Patriotisme et tombolas
Vladimir Poutine a enchaîné les apparitions médiatiques aux côtés de héros de « l’opération militaire spéciale », de jeunes Russes et de familles nombreuses, sans toutefois se soumettre à quelconque débat électoral. Une campagne active qui s’explique, selon Nikolaï Petrov du centre de réflexion Chatham House, par le fait que les autorités « ne peuvent pas doper trop fort les votes frauduleux » et veulent éviter des « scandales retentissants » sur l’honnêteté du scrutin. Dans l’espace public, des affiches font appel au patriotisme des Russes pour les inciter à voter. Elles portent un V, l’un des symboles des troupes russes en Ukraine, et le slogan : « Ensemble, nous sommes forts, votons pour la Russie ! »
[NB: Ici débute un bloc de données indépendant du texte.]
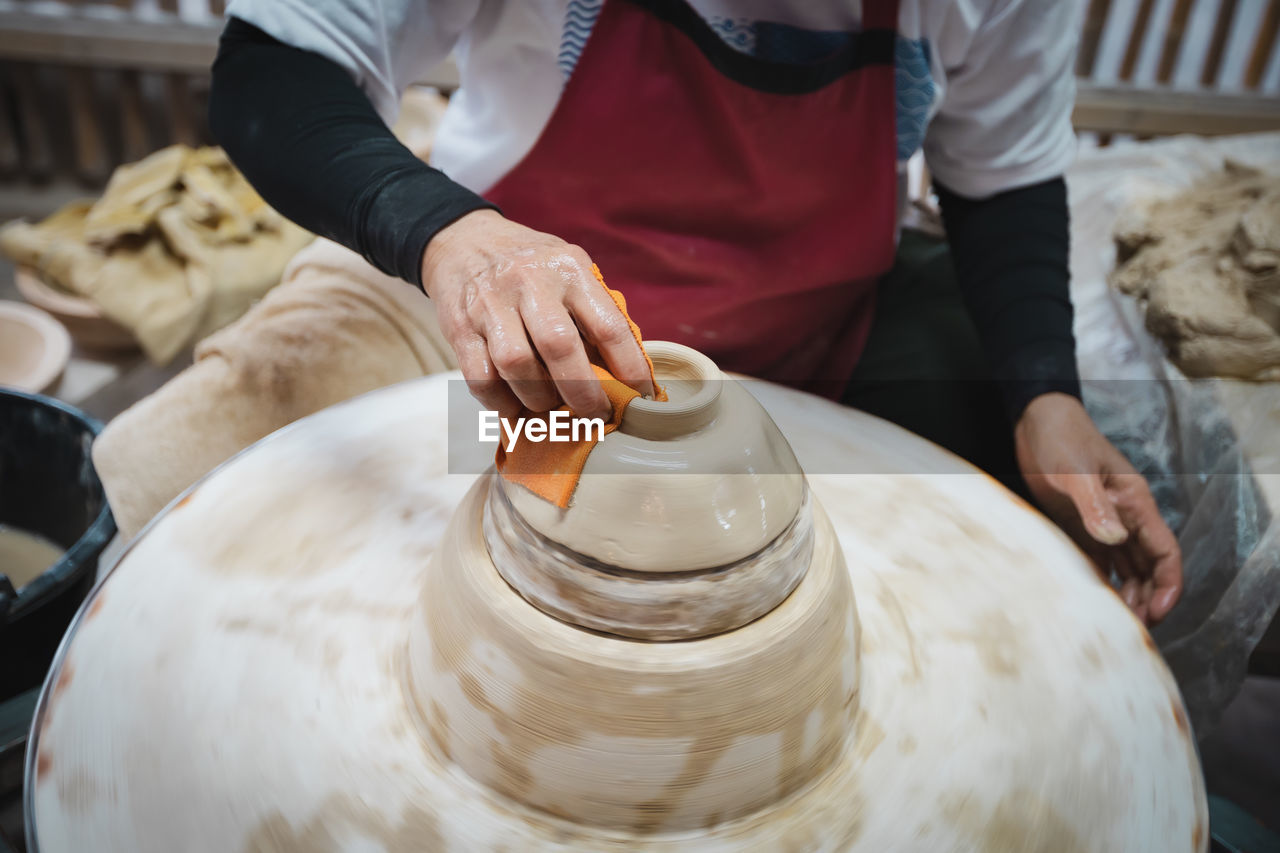 Midsection of potter working at workshop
Comme à leur habitude, les autorités organiseront des tombolas avec cadeaux à la clé et des animations pour pousser les électeurs à se déplacer, dans un pays où la défiance à l’égard de la politique, en particulier chez les jeunes, est très forte. Parallèlement, l’Ukraine et ses alliés occidentaux sont présentés comme de potentiels fauteurs de troubles. En décembre, Vladimir Poutine avait ainsi mis en garde contre des « interférences étrangères » lors du vote et promis une « réponse sévère ».
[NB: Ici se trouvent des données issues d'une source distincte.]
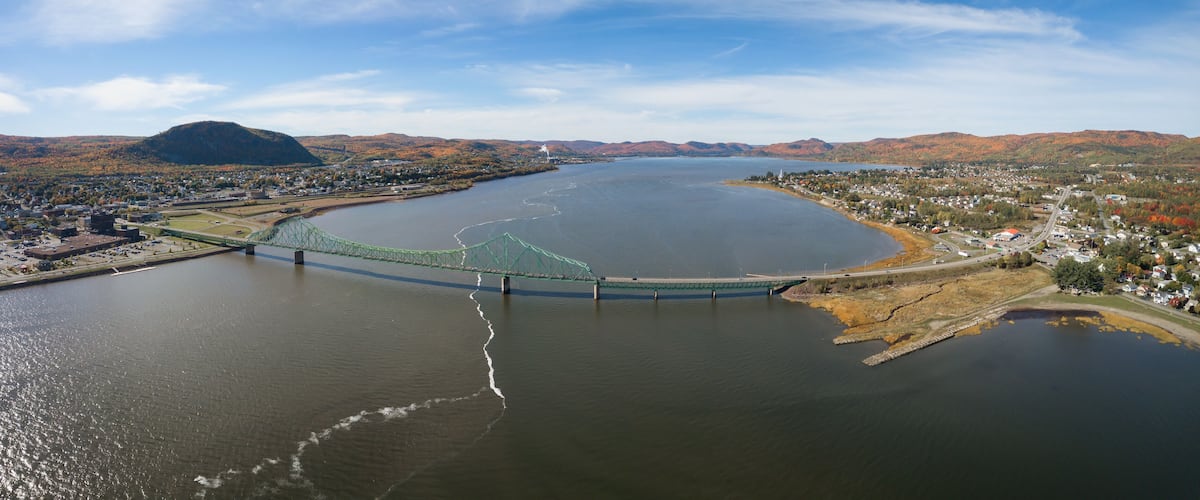 A river with a bridge, a town on the riverbank, and mountains in the background.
Pour les pays Baltes « ces élections n’auront aucune légitimité démocratique »
Dans une déclaration commune, les chefs de la diplomatie de la Lituanie, de la Lettonie et de l’Estonie, anciennes républiques soviétiques devenues membres de l’OTAN et de l’UE et dont les relations avec Moscou restent tendues, ont dénoncé la « répression totale » exercée contre l’opposition et les médias indépendants en Russie. « Les prochaines élections présidentielles en Russie ne seront ni libres ni équitables », ont-ils déclaré, dénonçant « l’absence de candidats alternatifs crédibles ». « Ces élections n’auront aucune légitimité démocratique », ont-ils écrit.
Au début du mois de février, la Russie a convoqué des diplomates des pays Baltes après les avoir accusés de tenter de « saboter » les élections en Russie en ignorant les demandes de sécurisation des bureaux de vote de ses ambassades sur leur territoire.
Une élection en territoires ukrainiens occupés
Pour les autorités russes qui veulent donner une image de normalité tout en menant un conflit de haute intensité, l’élection se tiendra aussi dans les territoires ukrainiens occupées depuis 2022 par Moscou. Kiev affirme que les habitants y sont soumis à des menaces et violences pour aller voter, ce que Moscou dément. Des soldats russes déployés sur place ont déjà pu glisser leur bulletin dans l’urne, comme si de rien n’était, lors de scrutins anticipés.